A Sector is the smallest physical unit on a hard disk where data is stored. It has a fixed 512 byte size, but a few drives have 4096 bytes sectors.

Best Regards
Chetan_Tiwary_
Community Manager
Community Manager
  • 247 Views

A conceptual tsar bomba indeed! Here is my understanding :

A sector refers to a specific physical area on a disk, while a block is a more general term that can refer to a small unit of data. In the context of file systems, a block is an abstraction that represents, may be,  a group of sectors. Many file systems are designed to work with block devices, which are storage devices that can be accessed in blocks.

Think of blocks as the way the operating system organizes data, while sectors are the actual physical divisions on the disk where data is stored.
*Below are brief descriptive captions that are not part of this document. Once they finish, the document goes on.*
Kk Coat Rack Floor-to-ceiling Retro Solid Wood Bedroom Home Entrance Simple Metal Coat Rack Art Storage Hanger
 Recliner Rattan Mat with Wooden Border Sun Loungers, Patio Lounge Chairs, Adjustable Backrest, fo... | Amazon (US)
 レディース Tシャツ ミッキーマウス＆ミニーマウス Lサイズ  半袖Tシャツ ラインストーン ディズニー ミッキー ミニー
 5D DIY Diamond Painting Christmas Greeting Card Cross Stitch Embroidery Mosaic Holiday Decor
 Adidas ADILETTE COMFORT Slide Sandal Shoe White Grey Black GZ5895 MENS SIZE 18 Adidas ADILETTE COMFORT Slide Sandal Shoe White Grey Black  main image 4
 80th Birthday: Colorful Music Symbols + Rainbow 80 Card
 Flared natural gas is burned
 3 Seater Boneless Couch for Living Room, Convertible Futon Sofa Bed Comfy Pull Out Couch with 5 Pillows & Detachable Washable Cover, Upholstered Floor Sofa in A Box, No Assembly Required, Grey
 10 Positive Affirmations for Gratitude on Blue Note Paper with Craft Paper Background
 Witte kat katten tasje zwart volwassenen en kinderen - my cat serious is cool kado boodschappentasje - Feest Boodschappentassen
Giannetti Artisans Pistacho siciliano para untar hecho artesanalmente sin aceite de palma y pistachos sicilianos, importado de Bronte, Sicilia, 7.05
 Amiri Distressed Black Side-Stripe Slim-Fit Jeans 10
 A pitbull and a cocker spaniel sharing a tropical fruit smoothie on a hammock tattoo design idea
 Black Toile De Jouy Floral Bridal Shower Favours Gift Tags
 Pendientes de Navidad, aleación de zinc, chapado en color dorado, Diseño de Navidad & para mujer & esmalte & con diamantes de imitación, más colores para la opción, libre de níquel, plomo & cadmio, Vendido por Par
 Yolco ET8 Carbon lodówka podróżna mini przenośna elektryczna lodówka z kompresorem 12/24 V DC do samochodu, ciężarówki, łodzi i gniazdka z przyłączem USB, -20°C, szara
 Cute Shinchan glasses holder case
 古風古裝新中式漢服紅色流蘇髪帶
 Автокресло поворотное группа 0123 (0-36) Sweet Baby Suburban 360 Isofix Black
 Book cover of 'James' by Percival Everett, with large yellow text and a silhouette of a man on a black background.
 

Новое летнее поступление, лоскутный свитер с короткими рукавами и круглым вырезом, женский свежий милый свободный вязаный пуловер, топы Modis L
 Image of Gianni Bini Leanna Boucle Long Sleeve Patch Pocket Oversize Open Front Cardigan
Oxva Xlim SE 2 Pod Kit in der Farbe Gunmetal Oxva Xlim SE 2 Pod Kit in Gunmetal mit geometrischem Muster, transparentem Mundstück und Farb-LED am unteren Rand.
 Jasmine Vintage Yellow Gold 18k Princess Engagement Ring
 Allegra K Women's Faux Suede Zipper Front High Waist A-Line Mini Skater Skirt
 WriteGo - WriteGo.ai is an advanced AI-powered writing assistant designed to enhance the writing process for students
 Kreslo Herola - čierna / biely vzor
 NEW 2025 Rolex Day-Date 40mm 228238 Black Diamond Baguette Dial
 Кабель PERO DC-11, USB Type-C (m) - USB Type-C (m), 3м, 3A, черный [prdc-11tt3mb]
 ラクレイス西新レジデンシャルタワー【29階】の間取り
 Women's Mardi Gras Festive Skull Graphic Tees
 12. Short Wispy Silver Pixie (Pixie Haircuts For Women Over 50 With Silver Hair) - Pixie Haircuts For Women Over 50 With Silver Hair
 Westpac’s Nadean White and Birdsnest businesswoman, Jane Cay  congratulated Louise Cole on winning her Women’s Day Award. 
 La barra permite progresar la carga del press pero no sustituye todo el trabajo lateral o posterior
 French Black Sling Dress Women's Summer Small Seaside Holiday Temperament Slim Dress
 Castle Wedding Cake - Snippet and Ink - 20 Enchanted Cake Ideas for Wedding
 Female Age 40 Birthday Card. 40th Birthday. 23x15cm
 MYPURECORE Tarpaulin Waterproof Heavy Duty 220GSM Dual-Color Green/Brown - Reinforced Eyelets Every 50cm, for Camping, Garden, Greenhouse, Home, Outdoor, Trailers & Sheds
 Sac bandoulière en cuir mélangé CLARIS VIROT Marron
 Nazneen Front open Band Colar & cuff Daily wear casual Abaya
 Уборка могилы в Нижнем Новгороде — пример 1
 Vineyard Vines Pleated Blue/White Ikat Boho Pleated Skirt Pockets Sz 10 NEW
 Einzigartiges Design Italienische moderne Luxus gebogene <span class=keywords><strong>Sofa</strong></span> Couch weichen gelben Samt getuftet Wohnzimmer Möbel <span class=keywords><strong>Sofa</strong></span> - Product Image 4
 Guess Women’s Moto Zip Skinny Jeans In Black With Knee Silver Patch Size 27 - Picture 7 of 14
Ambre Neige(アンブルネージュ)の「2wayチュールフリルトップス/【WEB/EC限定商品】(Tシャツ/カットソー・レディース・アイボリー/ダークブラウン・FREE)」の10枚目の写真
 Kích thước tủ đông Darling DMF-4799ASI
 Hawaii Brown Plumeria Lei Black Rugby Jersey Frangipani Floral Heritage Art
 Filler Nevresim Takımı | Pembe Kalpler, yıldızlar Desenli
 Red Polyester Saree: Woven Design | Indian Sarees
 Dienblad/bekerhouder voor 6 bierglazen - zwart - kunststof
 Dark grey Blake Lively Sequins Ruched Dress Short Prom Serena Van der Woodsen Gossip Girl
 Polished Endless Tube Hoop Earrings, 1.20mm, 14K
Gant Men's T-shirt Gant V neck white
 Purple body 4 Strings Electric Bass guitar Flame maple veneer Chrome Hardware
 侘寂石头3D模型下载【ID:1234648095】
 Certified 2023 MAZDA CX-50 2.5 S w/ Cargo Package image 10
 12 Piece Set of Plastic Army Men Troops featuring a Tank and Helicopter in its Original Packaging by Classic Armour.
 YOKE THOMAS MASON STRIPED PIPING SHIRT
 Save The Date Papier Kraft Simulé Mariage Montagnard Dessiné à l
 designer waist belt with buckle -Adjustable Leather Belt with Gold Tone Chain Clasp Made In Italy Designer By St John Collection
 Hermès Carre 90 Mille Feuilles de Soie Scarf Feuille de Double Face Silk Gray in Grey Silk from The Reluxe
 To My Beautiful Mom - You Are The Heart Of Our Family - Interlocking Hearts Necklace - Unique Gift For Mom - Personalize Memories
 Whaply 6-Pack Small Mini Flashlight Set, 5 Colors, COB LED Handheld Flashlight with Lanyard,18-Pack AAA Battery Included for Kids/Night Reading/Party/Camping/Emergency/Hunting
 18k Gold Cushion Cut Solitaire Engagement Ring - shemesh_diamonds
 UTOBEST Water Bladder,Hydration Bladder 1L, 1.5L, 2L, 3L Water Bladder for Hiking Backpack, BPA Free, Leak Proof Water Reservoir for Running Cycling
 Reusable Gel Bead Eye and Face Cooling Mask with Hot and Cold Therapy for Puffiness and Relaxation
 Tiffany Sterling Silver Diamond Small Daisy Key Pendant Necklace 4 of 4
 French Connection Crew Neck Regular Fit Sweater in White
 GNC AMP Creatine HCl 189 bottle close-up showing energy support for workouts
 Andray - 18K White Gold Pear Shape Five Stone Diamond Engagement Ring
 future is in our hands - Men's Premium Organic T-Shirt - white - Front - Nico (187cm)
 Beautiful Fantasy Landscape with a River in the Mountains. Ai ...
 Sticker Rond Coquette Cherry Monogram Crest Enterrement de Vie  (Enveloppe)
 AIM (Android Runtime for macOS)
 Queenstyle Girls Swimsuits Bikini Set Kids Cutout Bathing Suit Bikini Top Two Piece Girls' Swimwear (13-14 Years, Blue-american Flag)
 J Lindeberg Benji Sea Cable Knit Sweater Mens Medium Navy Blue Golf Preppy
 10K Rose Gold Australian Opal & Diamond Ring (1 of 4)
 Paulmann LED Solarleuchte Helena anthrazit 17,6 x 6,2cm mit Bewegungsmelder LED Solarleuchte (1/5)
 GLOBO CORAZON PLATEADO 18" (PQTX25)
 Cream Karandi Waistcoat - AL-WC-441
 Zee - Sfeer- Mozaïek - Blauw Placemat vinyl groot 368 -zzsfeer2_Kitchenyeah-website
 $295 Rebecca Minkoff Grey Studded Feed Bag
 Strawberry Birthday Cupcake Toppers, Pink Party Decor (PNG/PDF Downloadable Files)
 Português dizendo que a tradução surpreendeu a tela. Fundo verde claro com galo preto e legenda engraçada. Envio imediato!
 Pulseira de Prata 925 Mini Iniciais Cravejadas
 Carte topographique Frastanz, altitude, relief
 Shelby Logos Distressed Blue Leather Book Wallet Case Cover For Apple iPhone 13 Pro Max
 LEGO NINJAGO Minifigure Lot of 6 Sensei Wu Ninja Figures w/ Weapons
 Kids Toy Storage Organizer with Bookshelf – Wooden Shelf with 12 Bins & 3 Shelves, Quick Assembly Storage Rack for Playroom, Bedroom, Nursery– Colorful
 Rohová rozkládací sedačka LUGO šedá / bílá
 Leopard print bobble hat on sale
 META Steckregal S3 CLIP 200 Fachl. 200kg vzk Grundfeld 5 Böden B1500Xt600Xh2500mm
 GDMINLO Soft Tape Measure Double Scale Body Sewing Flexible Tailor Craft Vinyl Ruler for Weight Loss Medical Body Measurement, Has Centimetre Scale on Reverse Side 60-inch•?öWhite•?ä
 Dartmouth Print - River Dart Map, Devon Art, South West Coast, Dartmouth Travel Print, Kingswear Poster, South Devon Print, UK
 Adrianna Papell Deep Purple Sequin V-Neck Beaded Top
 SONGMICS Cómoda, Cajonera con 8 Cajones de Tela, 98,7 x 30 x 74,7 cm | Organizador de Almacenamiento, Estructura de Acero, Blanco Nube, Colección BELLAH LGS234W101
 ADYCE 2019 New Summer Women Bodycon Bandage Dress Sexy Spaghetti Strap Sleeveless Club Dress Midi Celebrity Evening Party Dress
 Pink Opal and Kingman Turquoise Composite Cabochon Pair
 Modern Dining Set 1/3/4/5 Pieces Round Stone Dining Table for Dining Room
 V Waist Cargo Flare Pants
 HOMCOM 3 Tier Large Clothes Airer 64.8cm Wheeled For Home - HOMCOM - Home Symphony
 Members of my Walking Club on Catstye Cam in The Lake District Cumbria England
Sectors were a way of addressing data on older hard drives, but they're no longer used in modern drives. Today, we use a system called LBA (Logical Block Addressing) to locate data on a drive. While sectors aren't used directly anymore, the operating system can still group multiple sectors together into a single logical block to improve efficiency.

Trevor
Starfighter Starfighter
Starfighter
  • 233 Views

It's these types of responses that motivate/inspire me to ask questions!!!